Recipe for Iraq's economy: oil, entrepreneurship

Top priorities now: ending sanctions, restoring the flow of oil and food aid, and getting cash to Iraqi workers.

For years, Iraq's economy has been held back by corruption, war, and an inefficient "command" structure in which major businesses were government-run.

Now, the economic questions facing Iraq are as basic as this: Can Iraq be converted to some form of capitalism, as Bush administration officials would like to happen, or will it follow a socialist model?

Iraq has some building blocks for a free-enterprise economy. Before the devastating war with Iran in the 1980s, Iraq had a growing middle class and one of the better education systems in the region. Iraqis returning from exile, moreover, promise to bring with them money and business skill.

Yet for now, both US officials and Iraqis are consumed with the most basic questions: establishing a currency, restoring electric power, staving off hunger. The top priorities are humanitarian aid, restoring order to ransacked urban areas, and getting Iraq's oil revenues flowing again.

The oil issue is tied to lifting the 12-year-old United Nations sanctions on Iraq. President Bush called for that last Wednesday. But a UN Security Council resolution to lift economic sanctions requires approval by France and Russia - nations that did not support the recent US-led war.

Analysts wonder if the dissenting nations will withhold a quick decision in an effort to leverage a greater role for the UN and themselves in Iraq's reconstruction.

Even under the sanctions, Iraqis demonstrated entrepreneurial initiative.

"They had to scavenge and recycle to keep power plants and water facilities going," says Frederick Barton, an economist at the Center for Strategic and International Studies in Washington. A black market also flourished, which could evolve into legal commercial activity.

About 2 million Iraqis work for the government, a relatively high proportion of the working-age population in the nation of perhaps 24 million people.

Salaries and pensions of state employees could be covered in local currency - at least until now. In the present turmoil, the dinar has become of questionable value. A new currency is planned.

At present, $1.7 billion of confiscated Iraqi assets abroad will be used to pay Iraqi civil servants in actual US currency. That infusion of cash could help avert an all-out economic collapse.

While the rise of free-market businesses could dramatically boost Iraq's long-term prosperity, another resource - oil - has a crucial role to play. And in this region it has generally been government-controlled.

Other Iraqi exports are negligible. So the US is counting considerably on oil revenues to fund reconstruction.

One sign of oil's significance is that the Oil Ministry building in Baghdad survived both the bombing and subsequent looting.

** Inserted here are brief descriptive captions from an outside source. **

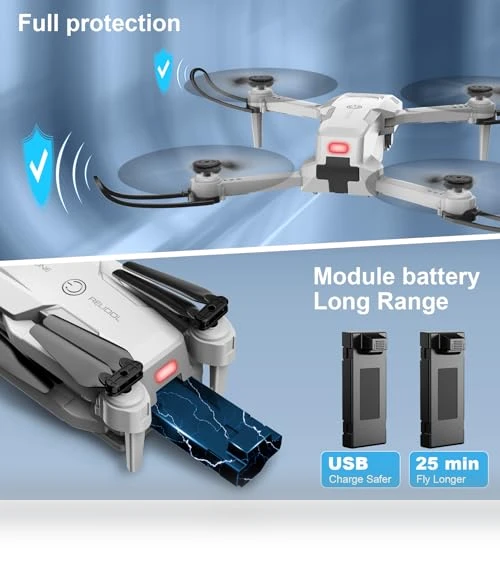 Foldable Drone with 1080P Camera, Voice Gesture Control, 3D Flip, Ideal for Beginners — Drones, RELIDOL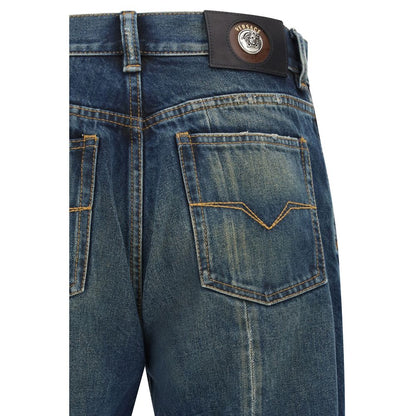 Vaqueros rectos de algodón azul Versace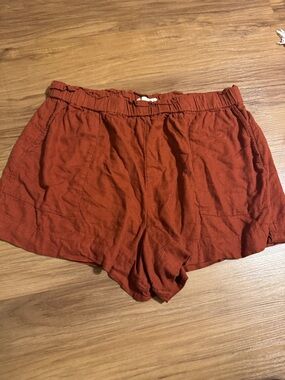 Women's Abercrombie & Fitch Rust Elastic-Waist Lightweight Shorts
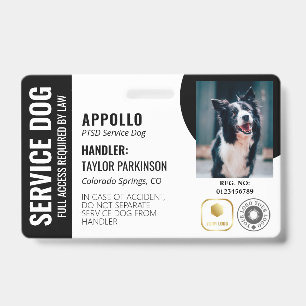 Badge Chien de service noir et blanc 2 logos et photo d'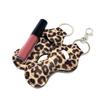 allydrew 10 Pack Chapstick Holder Keychain, Keyring for Lip Balm Lip Gloss Lipstick with 10 Pieces Metal Keyring Clasps, Leopard view 2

When US forces moved into the city, they quickly protected it from damage.

Iraq has been receiving $14 billion to $15 billion in legal oil revenues in recent years under the UN oil-for-food program. That amounts to about $600 a head. But under sanctions, Iraq's economy has, as Harvard University historian Robert Owen puts its, "gone into free-fall." Iraqis became increasingly poor.

A quarter of the oil-for-food revenue has been used to compensate individuals harmed by the invasion of Kuwait. That UN compensation program may or may not begin to cover claims by governments and corporations. The US government is seeking a quick reduction in Iraq's massive foreign debts of $383 billion.

In any case, the oil money alone will not be enough to finance reconstruction.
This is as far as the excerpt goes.